**SOURCE MATERIAL**.
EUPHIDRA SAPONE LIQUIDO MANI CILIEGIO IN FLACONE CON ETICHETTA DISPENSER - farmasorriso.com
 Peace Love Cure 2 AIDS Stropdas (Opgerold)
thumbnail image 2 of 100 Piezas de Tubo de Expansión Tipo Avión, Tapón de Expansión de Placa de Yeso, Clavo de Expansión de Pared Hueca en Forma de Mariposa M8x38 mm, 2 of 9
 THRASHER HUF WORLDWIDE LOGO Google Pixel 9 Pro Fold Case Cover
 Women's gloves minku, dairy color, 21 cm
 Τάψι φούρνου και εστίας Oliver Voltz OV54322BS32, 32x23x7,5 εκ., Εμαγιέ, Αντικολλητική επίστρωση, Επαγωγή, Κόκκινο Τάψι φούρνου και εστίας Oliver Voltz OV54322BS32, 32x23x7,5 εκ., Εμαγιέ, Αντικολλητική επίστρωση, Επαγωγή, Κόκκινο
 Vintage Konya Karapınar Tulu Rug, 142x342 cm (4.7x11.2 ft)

==

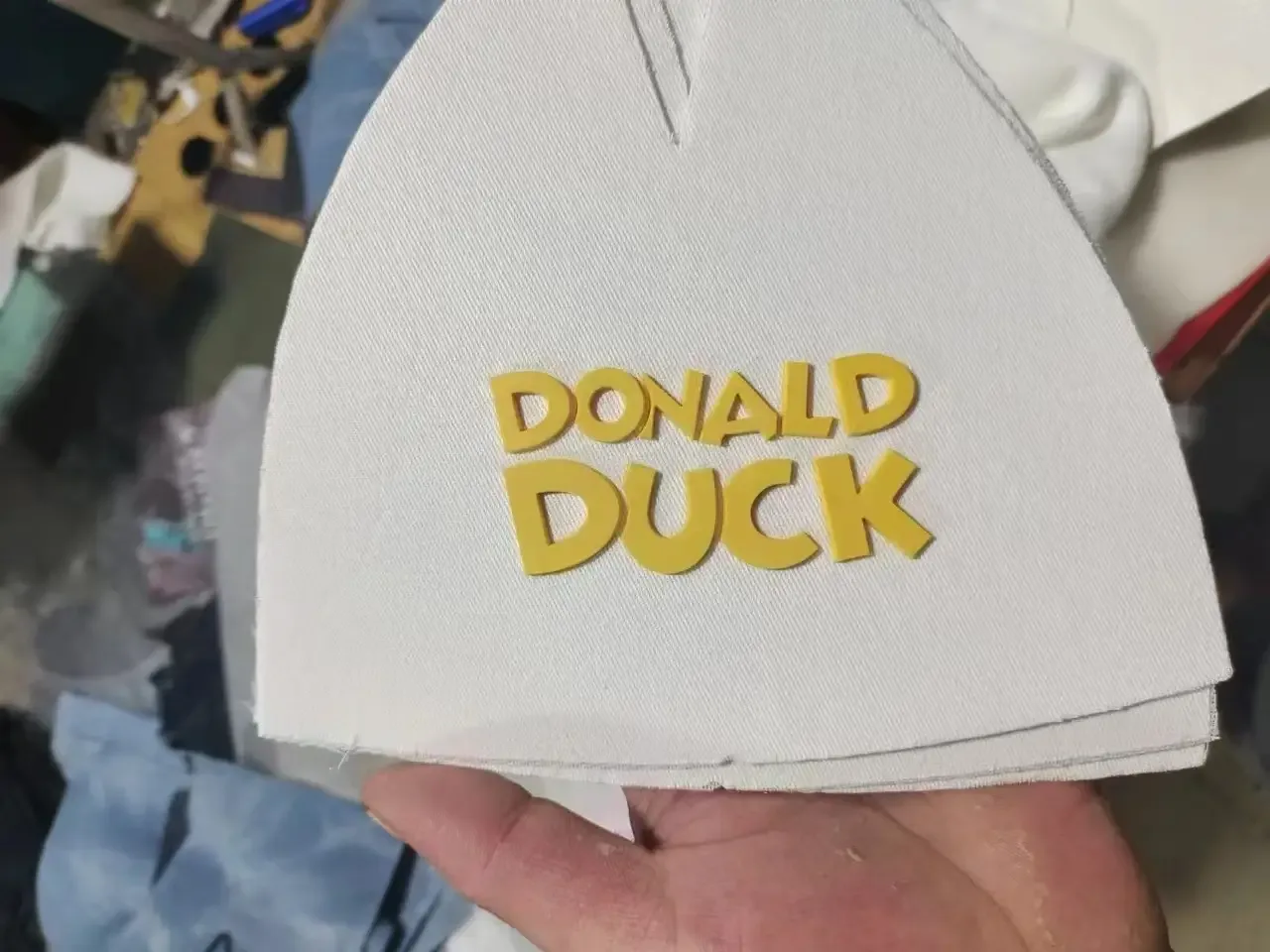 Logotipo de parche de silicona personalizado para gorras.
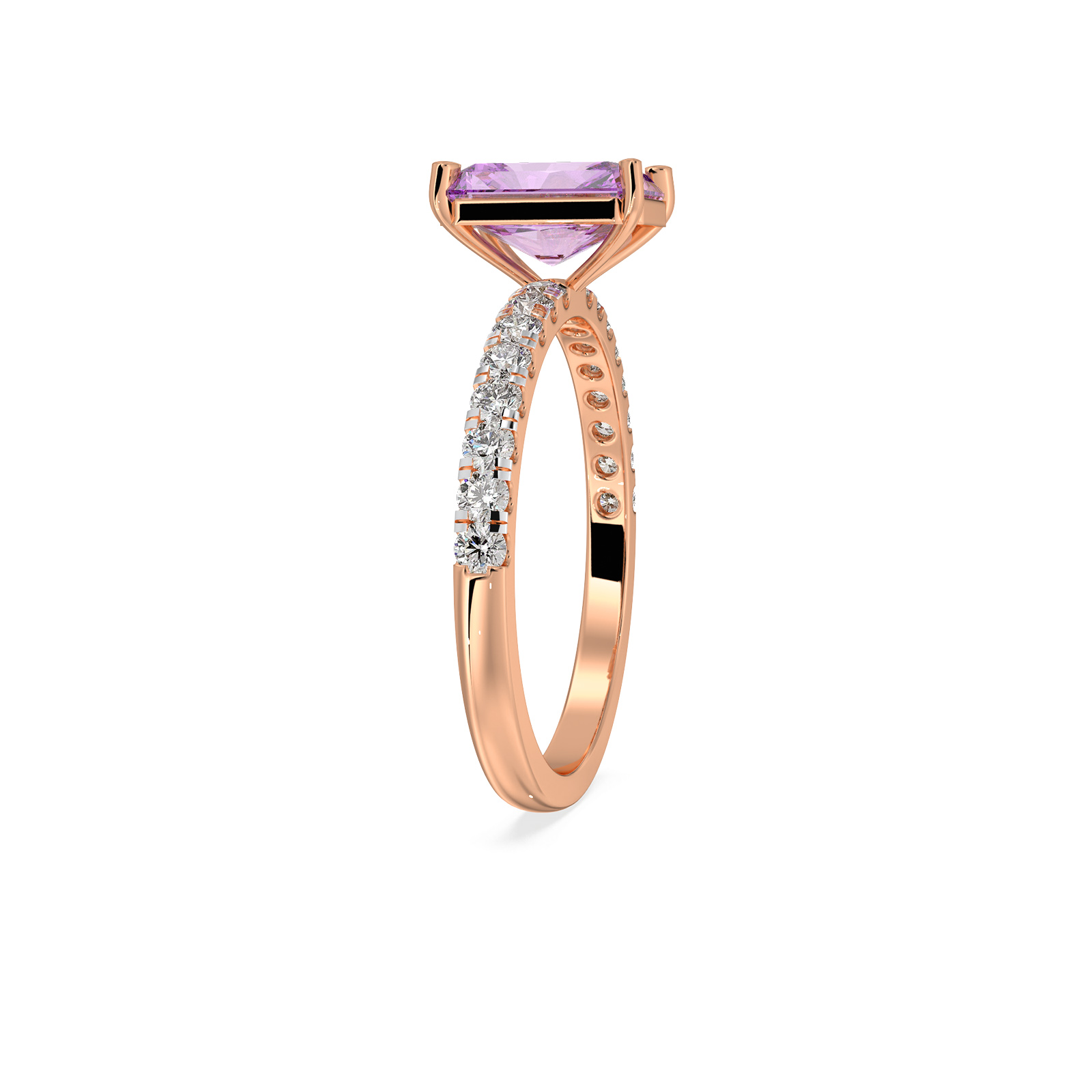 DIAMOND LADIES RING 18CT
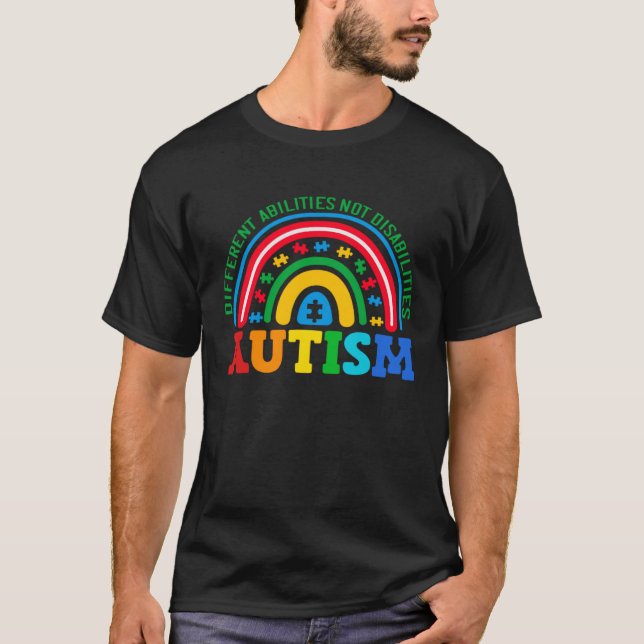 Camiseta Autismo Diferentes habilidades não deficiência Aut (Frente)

==

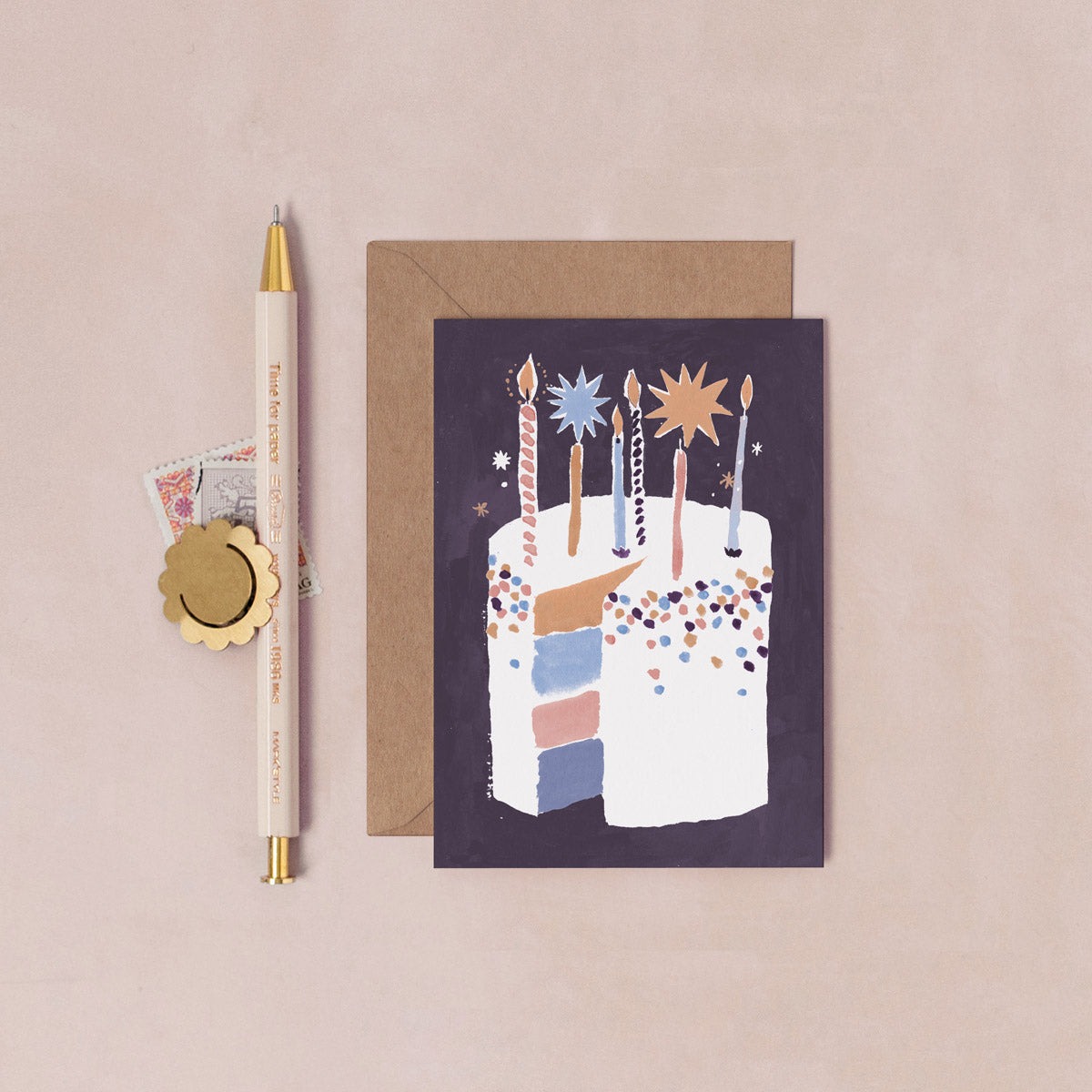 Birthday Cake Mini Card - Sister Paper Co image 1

**EXERCISE OBJECTIVE**. Exactly the lines above from the one with "EUPHIDRA SAPONE LIQUIDO" to the one with "thumbnail image 2", both included, are to be quoted; leave the rest out.

**WRITTEN RESPONSE**.
EUPHIDRA SAPONE LIQUIDO MANI CILIEGIO IN FLACONE CON ETICHETTA DISPENSER - farmasorriso.com
 Peace Love Cure 2 AIDS Stropdas (Opgerold)
thumbnail image 2 of 100 Piezas de Tubo de Expansión Tipo Avión, Tapón de Expansión de Placa de Yeso, Clavo de Expansión de Pared Hueca en Forma de Mariposa M8x38 mm, 2 of 9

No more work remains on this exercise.